** WHAT THIS TASK INVOLVES **
Starting with the line that contains "TRATADO DE OSTEOPATÍA" and ending with the final line of the data below, print those lines exactly and nothing else.
· · · · ·
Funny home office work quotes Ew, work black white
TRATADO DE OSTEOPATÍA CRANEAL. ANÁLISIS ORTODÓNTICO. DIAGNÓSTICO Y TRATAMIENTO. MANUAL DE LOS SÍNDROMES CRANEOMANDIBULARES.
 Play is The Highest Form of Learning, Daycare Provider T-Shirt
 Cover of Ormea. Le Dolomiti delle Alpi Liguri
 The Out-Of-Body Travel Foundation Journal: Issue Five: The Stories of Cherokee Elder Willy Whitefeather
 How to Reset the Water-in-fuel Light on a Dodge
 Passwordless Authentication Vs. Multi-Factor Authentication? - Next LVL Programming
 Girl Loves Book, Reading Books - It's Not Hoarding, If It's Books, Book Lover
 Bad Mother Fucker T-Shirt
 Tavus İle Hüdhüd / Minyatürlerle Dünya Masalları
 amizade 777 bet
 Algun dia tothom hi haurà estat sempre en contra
· · · · ·
** SOLUTION FOR THIS EXERCISE **
TRATADO DE OSTEOPATÍA CRANEAL. ANÁLISIS ORTODÓNTICO. DIAGNÓSTICO Y TRATAMIENTO. MANUAL DE LOS SÍNDROMES CRANEOMANDIBULARES.
 Play is The Highest Form of Learning, Daycare Provider T-Shirt
 Cover of Ormea. Le Dolomiti delle Alpi Liguri
 The Out-Of-Body Travel Foundation Journal: Issue Five: The Stories of Cherokee Elder Willy Whitefeather
 How to Reset the Water-in-fuel Light on a Dodge
 Passwordless Authentication Vs. Multi-Factor Authentication? - Next LVL Programming
 Girl Loves Book, Reading Books - It's Not Hoarding, If It's Books, Book Lover
 Bad Mother Fucker T-Shirt
 Tavus İle Hüdhüd / Minyatürlerle Dünya Masalları
 amizade 777 bet
 Algun dia tothom hi haurà estat sempre en contra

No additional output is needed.